Band draws inspiration from ghosts of the past

Photo by Mayan Vered.

The Vancouver-based band Only A Visitor pays homage to ghost Chinatowns through their songs.

The art collective Publik Secrets presents some of their songs in a concert of new music, featuring the art pop quintet Only A Visitor in collaboration with the Kingsgate Chorus, Nov. 16 at Yaletown Roundhouse.

Family ghost stories

Robyn Jacob, the band’s founder, draws inspiration from her Chinese roots.

“We have a lot of ghost stories in the family, especially since mom was spread between Hong Kong and Canada for many years because of the immigration policy. The country wouldn’t let family be together ‘til the 1960s even though [our] first member was in Canada in 1920. There is one story about somebody passing away here − their partner living in Hong Kong. They knew he had passed away,” says Jacob, who is a pianist, singer, composer and educator.

In the process of making songs she is learning about her own history and her own ancestry. Growing up, she was raised on pop music her German-French dad played, including REM and the B-52s.

In Only A Visitor’s next record, which will be released in January, the album explores the Chinese diaspora moving to the West Coast, specifically true stories from her mother’s side of the family.

Dancing with the shadows of themselves.| Photo by Mayan Vered.

Exploring experimental music and new ways of presenting music

When Jacob was studying music at the University of British Columbia, she developed tendonitis − a common injury for musicians. But during the time she was recovering, she was forced to consider her path in music. She was hosting a radio show called The Rib on CiTR at the time. She saw this exposure to experimental music as a reaction to her classical conservatory music training.

“This was really great. It gave me a way to connect with the local scene. I could go to shows and interview musicians I admired because I could offer them radio time. I got to meet a lot of musicians that I still know today,” she says.

After graduating from school, Jacob started to develop a desire to write songs for voice as opposed to the keyboard. She started with a solo songwriting project called Fist Full o’ Snacks, which she described as very lighthearted − quite a departure from what she is currently writing.

“That [project] was a part of my evolution to Only A Visitor,” she says.

In the past year, to shake up her regular performance routine, she has looked for new ways of presenting their band’s music. For example, last January they collaborated for two nights of a show with Mind of a Snail, a shadow puppet projection company.

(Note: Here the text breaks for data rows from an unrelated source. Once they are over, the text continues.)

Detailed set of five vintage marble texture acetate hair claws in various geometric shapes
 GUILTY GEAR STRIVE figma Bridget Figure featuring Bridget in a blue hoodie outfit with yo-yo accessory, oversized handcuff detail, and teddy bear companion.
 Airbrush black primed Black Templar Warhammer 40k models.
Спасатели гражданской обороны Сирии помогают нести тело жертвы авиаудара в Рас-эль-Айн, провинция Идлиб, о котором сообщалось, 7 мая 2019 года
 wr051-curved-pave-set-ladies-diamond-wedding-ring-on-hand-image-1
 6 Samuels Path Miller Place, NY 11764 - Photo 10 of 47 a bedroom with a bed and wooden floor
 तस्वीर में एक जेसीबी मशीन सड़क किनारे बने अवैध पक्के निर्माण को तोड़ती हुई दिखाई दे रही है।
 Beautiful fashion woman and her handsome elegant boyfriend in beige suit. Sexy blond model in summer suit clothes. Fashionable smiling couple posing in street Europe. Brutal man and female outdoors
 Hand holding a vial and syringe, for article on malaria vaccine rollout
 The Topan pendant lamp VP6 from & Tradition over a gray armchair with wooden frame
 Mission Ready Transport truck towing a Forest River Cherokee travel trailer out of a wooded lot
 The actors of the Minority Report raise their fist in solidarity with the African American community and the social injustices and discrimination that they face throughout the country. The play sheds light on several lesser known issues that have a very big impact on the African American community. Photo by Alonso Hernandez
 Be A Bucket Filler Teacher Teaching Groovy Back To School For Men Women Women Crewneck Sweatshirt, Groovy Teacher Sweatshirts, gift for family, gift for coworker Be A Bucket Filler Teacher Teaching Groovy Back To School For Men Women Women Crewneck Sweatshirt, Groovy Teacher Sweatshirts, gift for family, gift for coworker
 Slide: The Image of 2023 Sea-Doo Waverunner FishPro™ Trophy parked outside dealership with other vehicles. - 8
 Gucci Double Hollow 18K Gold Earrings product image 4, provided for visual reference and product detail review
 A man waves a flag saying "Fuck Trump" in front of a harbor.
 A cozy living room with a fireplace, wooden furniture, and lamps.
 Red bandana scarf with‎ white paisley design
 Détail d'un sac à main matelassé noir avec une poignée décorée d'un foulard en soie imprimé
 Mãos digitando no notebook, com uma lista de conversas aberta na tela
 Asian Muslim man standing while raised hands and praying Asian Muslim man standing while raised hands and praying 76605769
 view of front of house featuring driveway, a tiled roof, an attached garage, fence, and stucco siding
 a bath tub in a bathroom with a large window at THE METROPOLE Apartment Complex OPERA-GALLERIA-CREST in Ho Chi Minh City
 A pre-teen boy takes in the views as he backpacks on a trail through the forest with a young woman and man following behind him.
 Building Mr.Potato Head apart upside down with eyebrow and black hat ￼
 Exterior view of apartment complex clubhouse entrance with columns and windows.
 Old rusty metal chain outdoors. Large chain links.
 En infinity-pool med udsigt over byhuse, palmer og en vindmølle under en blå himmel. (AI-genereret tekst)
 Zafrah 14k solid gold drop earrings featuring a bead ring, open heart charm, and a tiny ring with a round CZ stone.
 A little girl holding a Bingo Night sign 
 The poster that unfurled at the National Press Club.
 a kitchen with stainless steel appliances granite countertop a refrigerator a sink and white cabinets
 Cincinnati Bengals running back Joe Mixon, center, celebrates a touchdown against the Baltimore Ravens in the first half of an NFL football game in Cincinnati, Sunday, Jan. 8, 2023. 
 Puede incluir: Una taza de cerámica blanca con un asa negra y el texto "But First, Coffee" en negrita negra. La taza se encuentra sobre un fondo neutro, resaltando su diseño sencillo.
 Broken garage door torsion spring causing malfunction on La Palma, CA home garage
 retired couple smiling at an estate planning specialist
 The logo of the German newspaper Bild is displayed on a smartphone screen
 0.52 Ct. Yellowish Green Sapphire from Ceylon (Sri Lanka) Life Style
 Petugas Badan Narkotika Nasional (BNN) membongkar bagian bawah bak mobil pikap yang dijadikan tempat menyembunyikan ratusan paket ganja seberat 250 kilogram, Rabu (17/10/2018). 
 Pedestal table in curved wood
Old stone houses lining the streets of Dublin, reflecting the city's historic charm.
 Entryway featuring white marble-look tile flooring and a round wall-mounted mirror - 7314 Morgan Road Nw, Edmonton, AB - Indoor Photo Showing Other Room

Jacob says she draws inspiration from her local arts community. She also learns from many of her peers who are handling interdisciplinary work. Learning how to change the standard concert also means letting go of what is planned, but she says there are limits to this more free-flowing approach.

“If I had more time, I could develop something more fully. But these are one-offs. We aren’t working on a big budget and they’re not very long-term developments,” says Jacob.

“We get together and do this cool little thing. It’s very much an experiment, with the potential in the future to revisit it and work it into another thing. We’ll see what happens. It’s really fun because it keeps me on my toes,” she says.

Audience reaction

Only A Visitor’s 2017 album.

When Jacob puts on concerts, she conveys the backstories of some of the songs’ themes.

“People come up to me after the concert and they say, ‘Thank you for telling the story. I’ve been thinking about this for so long.’ I’ve been researching for this album for the past couple of years but for me, I’m like, everybody knows this sort of stuff, but no,” she says.

Jacob thinks that certain histories are being covered up and she is peeling away their layers.

“People have their own editions of the story. There’s a tradition of erasure of history. But it exists. It’s how we’re able to live this dream of the Canadian identity − because it is so complicated. I think a lot of people are doing this work in their own way,” Jacob says.